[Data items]
-- Opening Marker --
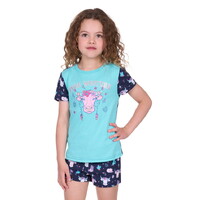 Pure Western Girls Cowgirl Pyjamas (P5S5942PJS) Navy/Aqua [SD]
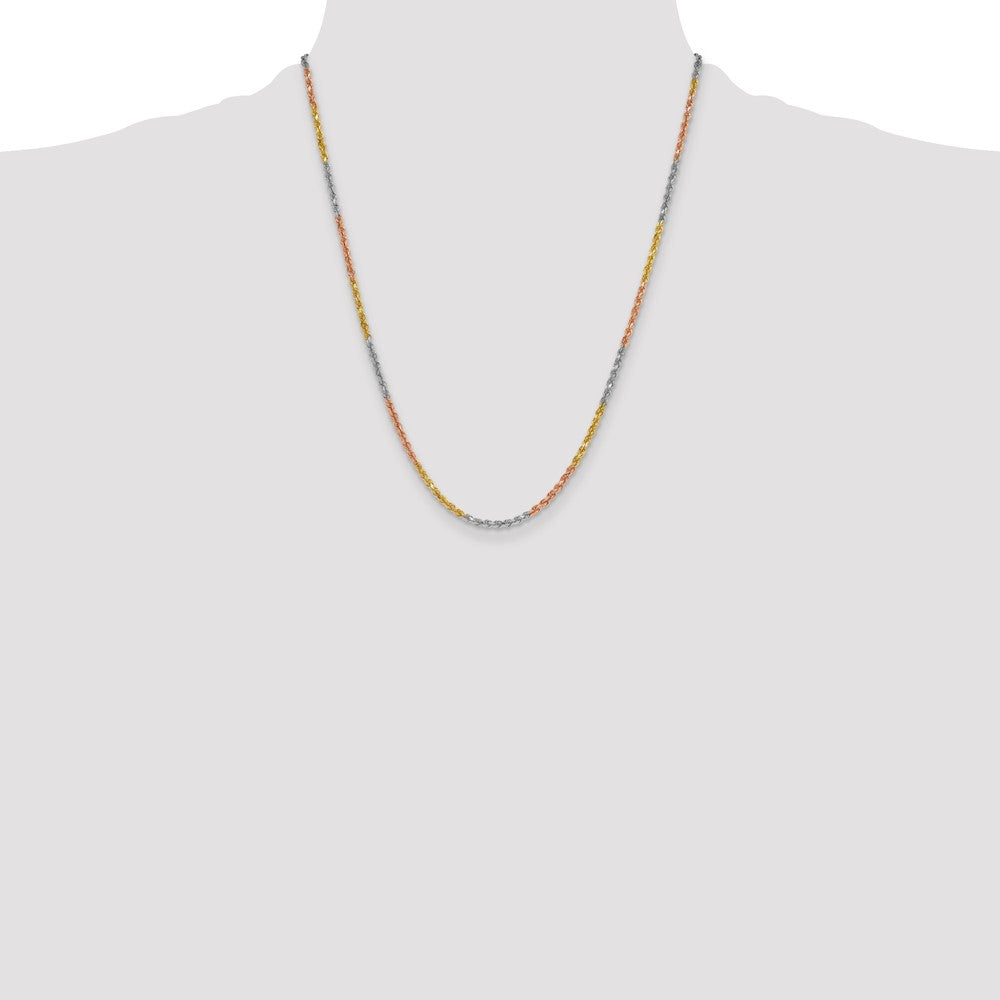 14k Tri-Color 3 mm D/C Rope Chain (17.75 grams)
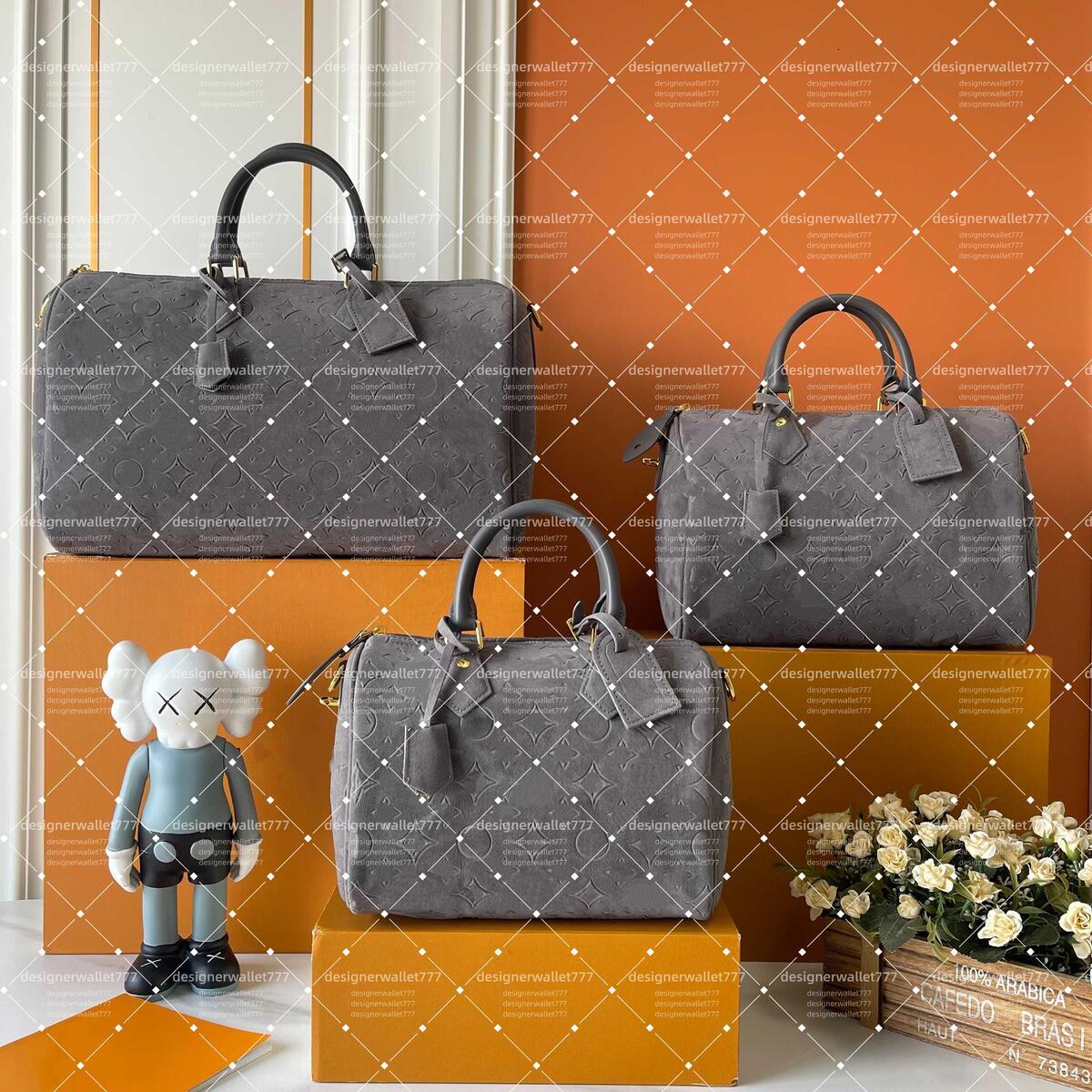 Soft 30 Suede Grey Teddy P9 soft Boho shoulder Cross body bag Luxury Womens handbag lady Pillow tote bags designer bag Speedytote Purse Mirror Quality M15225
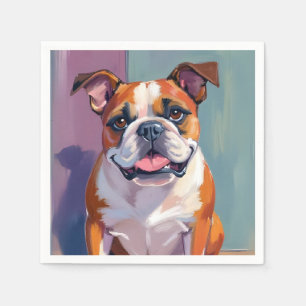 Bulldog Pet Painting Whimsical Watercolor Dog Napkin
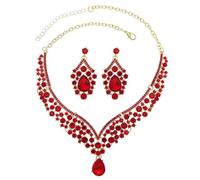 TOFBS Conjunto Collar Pendientes Cristales Brillantes Gargantilla Elegante Joyería Nupcial Adorno Mujer Accesorio Ceremonia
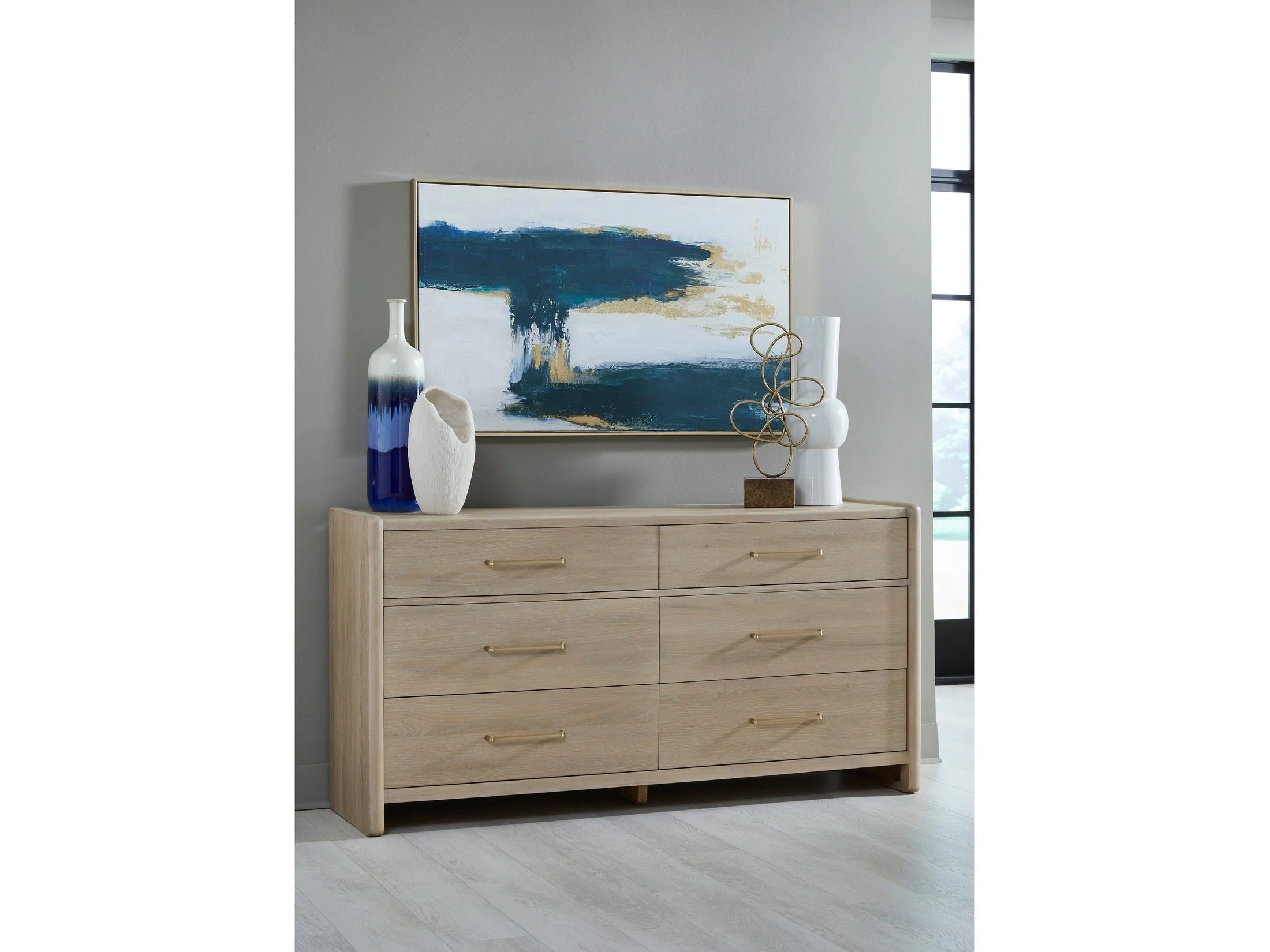 Gardenia Six Drawer Oak Wood Dresser in Chai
-- Closing Marker --
▶ _Activity_
If any image appears in the entries, omit it and return the rest verbatim.

▶ _Problem solution_
 Pure Western Girls Cowgirl Pyjamas (P5S5942PJS) Navy/Aqua [SD]
 14k Tri-Color 3 mm D/C Rope Chain (17.75 grams)
 Soft 30 Suede Grey Teddy P9 soft Boho shoulder Cross body bag Luxury Womens handbag lady Pillow tote bags designer bag Speedytote Purse Mirror Quality M15225
 Bulldog Pet Painting Whimsical Watercolor Dog Napkin
 TOFBS Conjunto Collar Pendientes Cristales Brillantes Gargantilla Elegante Joyería Nupcial Adorno Mujer Accesorio Ceremonia
 Gardenia Six Drawer Oak Wood Dresser in Chai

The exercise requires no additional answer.